Start of SUPPLIED MATERIAL

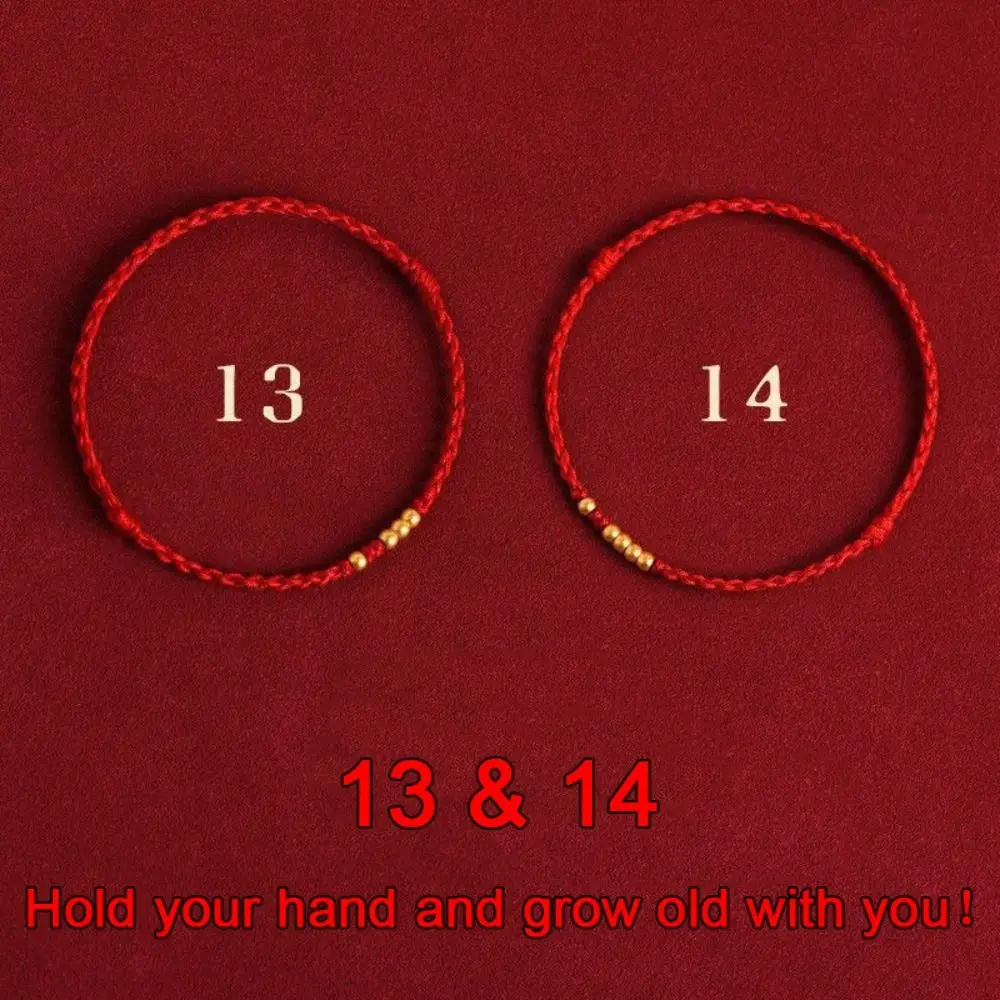 Jewelry Handmade Lucky Couple Bracelets Charm Chinese Zodiac Year Beads Braided Rope Friendship Red String Bracelet
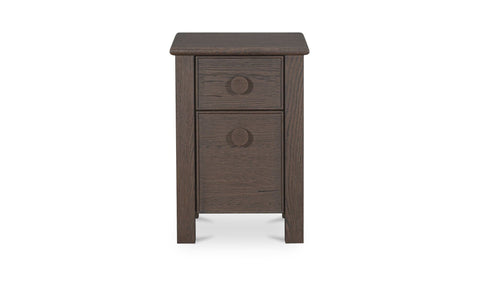 Loren Small Nightstand Dark Brown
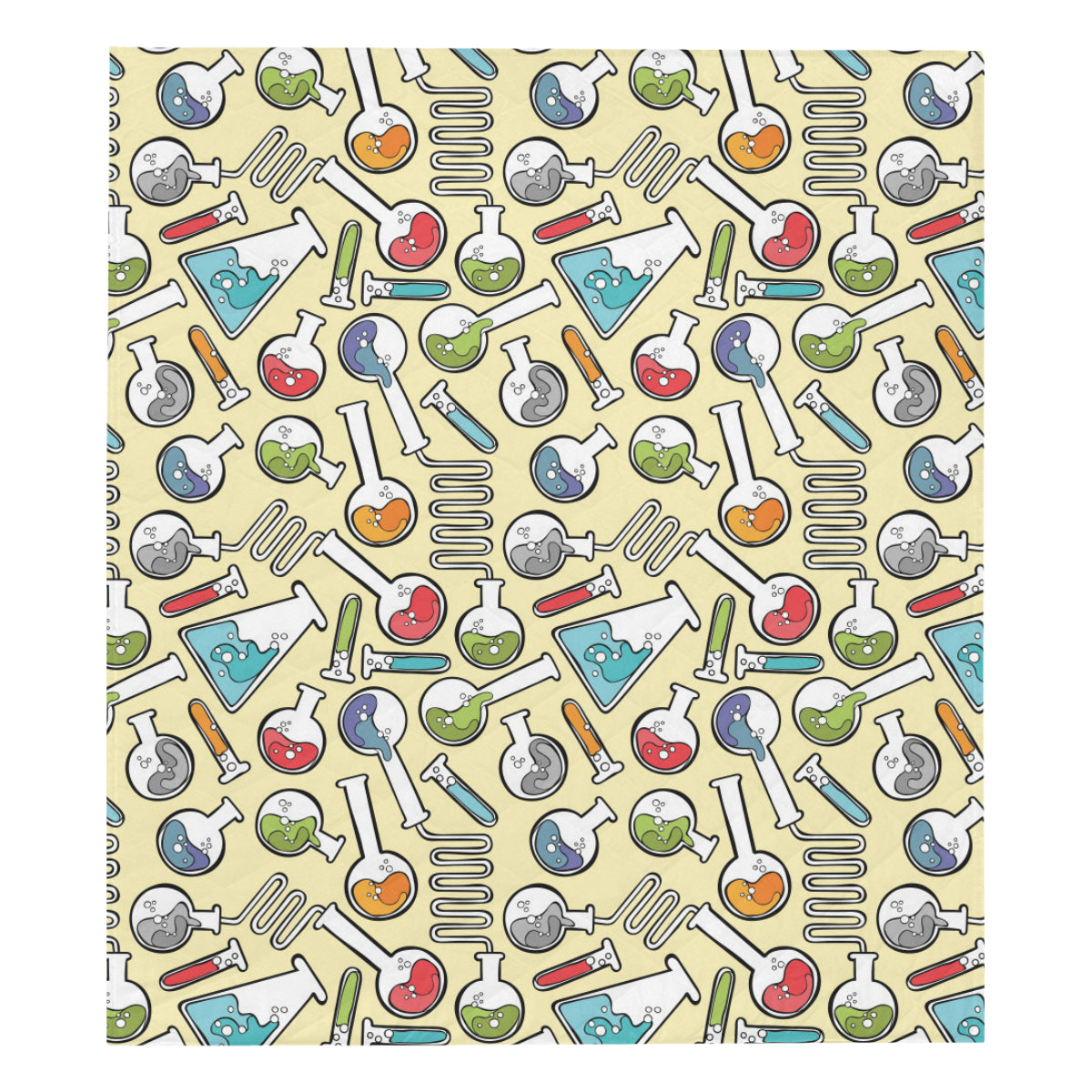 Chemical Pattern Print Design 04 Premium Quilt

End of SUPPLIED MATERIAL

Could the data above be returned in full, exactly, with every image left out?

→ EXERCISE SOLUTION:
 Jewelry Handmade Lucky Couple Bracelets Charm Chinese Zodiac Year Beads Braided Rope Friendship Red String Bracelet
 Loren Small Nightstand Dark Brown
 Chemical Pattern Print Design 04 Premium Quilt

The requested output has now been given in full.